I'm making small pet-project. It's voice assistant. Now, development is on speech recognition part, and i need to make silent detection, to react on user's phrase end. I use vosk for speech recognition, pyaudio to record audio, numpy for energy calculations, and wave to save output file. Here is a part of my code:
import vosk
import json
import pyaudio
import numpy as np
import wave
def is_silence(audio_chunk, silence_thresh=-50, energy_thresh=0.001):
# Convert the audio chunk to a NumPy array of 16-bit integers
audio_chunk = np.frombuffer(audio_chunk, dtype=np.int16)
# Calculate the energy of the audio chunk
energy = np.sum(audio_chunk.astype(np.float32) ** 2) / float(len(audio_chunk))
# Check if both energy and maximum absolute value are below thresholds
return energy < energy_thresh and np.max(np.abs(audio_chunk)) < silence_thresh
def record_audio(output_file, max_silence_duration=1500, sample_rate=16000, chunk_size=1024, silence_thresh=-50):
# Initialize PyAudio
p = pyaudio.PyAudio()
# Open a stream for recording audio
stream = p.open(format=pyaudio.paInt16,
channels=1,
rate=sample_rate,
input=True,
frames_per_buffer=chunk_size)
# Initialize variables for storing audio frames and counting consecutive silence
frames = []
consecutive_silence_counter = 0
print("Recording...")
while True:
# Read a chunk of audio data from the stream
data = stream.read(chunk_size)
frames.append(data)
# Convert the audio chunk to a NumPy array
audio_chunk = np.frombuffer(data, dtype=np.int16)
# Check if the audio chunk is silence
if is_silence(audio_chunk, silence_thresh=silence_thresh):
consecutive_silence_counter += 1
else:
consecutive_silence_counter = 0
# Break the loop if consecutive silence reaches the specified duration
if consecutive_silence_counter * chunk_size >= (max_silence_duration // chunk_size):
break
print("Recording finished.")
# Stop and close the audio stream, and terminate PyAudio
stream.stop_stream()
stream.close()
p.terminate()
# Write the recorded frames to a WAV file
with wave.open(output_file, 'wb') as wf:
wf.setnchannels(1)
wf.setsampwidth(p.get_sample_size(pyaudio.paInt16))

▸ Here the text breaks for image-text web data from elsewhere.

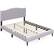 Front. Costway - Queen Size Upholstered Platform Bed Linen Bed Frame with Button Tufted Headboard - Gray.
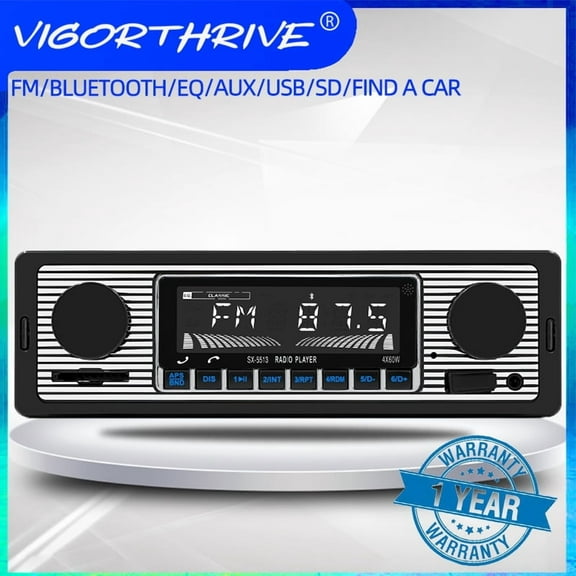 Single 1 DIn Car Radio In-Dash MP3 Player Bluetooth FM U Disk Card SD USB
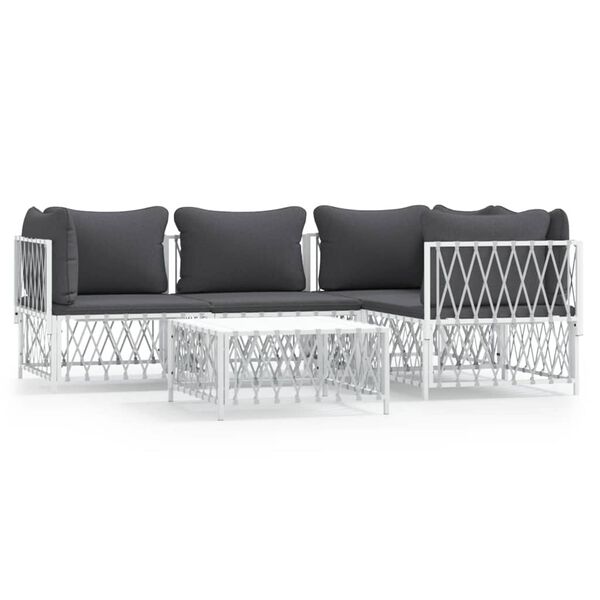 vidaXL Garden Lounge Set White Woven fabric, powder-coated steel, textilene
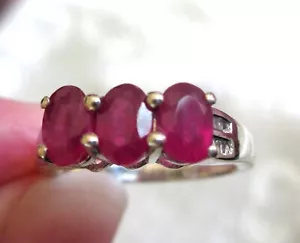 Niassa Ruby & Diamond Three-Stone Ring / size 6 / 925 Sterling Silver /2.3ct - Picture 1 of 5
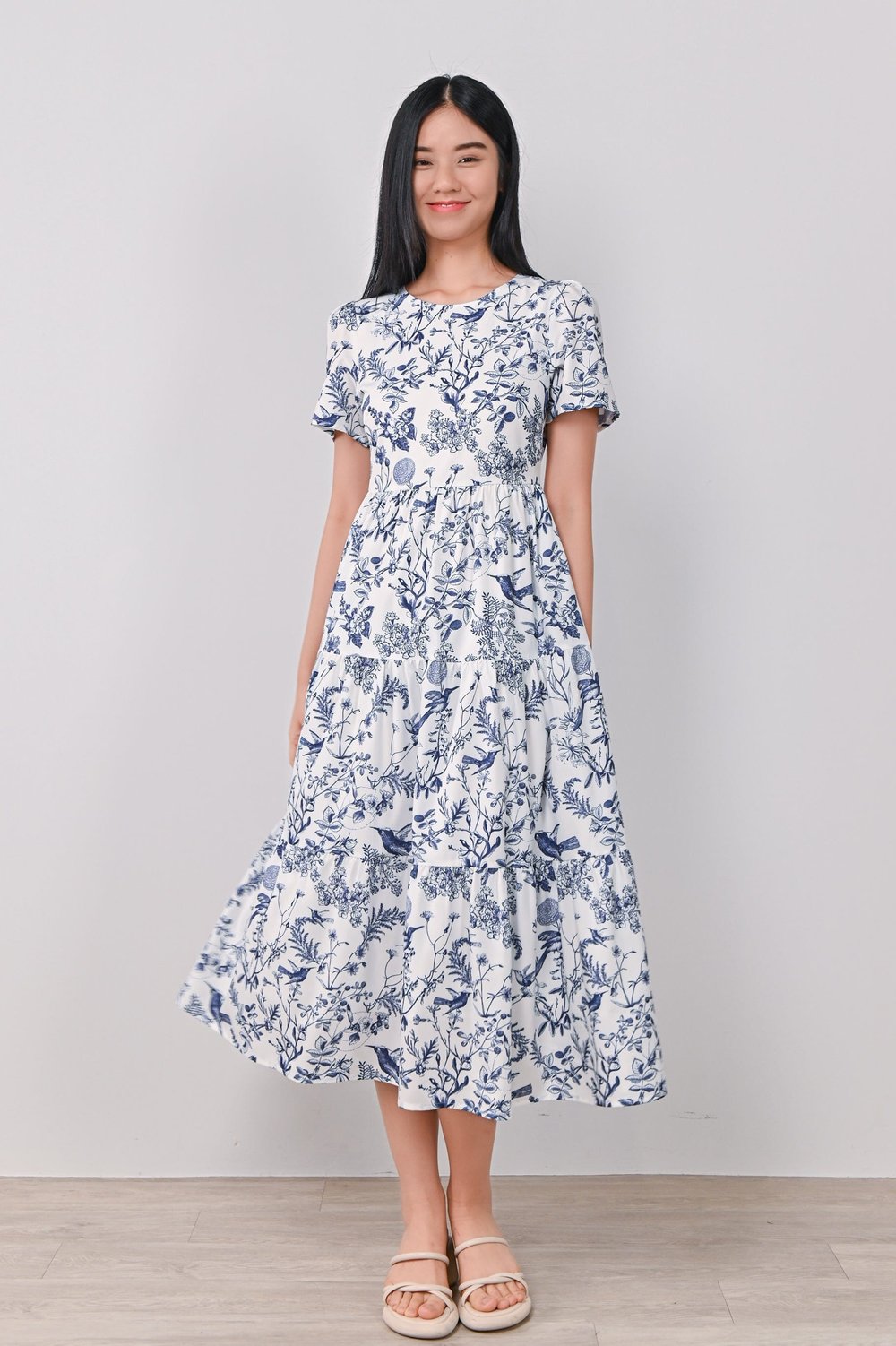 NAVY HUMMINGBIRD TIERED MIDAXI DRESS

wf.setframerate(sample_rate)
wf.writeframes(b''.join(frames))
# recognize_speech function
if __name__ == "__main__":
# Path to the Vosk model
model_path = "path/to/vosk-model-en-us-0.22-lgraph"
# Path to the output audio file
output_file_path = "path to audio file"
# Record audio and save it to the specified output file
audio_data = record_audio(output_file=output_file_path)
# Recognize speech from the recorded audio using the Vosk model
recognized_text = recognize_speech(model_path, audio_data)
# Print the recognized text
print("Recognized text:", recognized_text)
My question is why is_silence method returns False, even if i saying nothing. I have background noises, but they are not so loud. I already tried using pydub and webrtcvad, but they didn't work. It's not a problem with file saving, or speech recognition. I know that i need to edit is_silence method or while cycle in record_audio function, but i just haven't got any ideas how to make this. I run it on MacOS and in python 3.12 virtual environment.
I already tried using pydub, webrtcvad, pyttsx3, and pocketsphinx, but they don't work. I tried to edit some arguments to a methods like energy_thresh and silence_thresh, too. Any ideas to do this?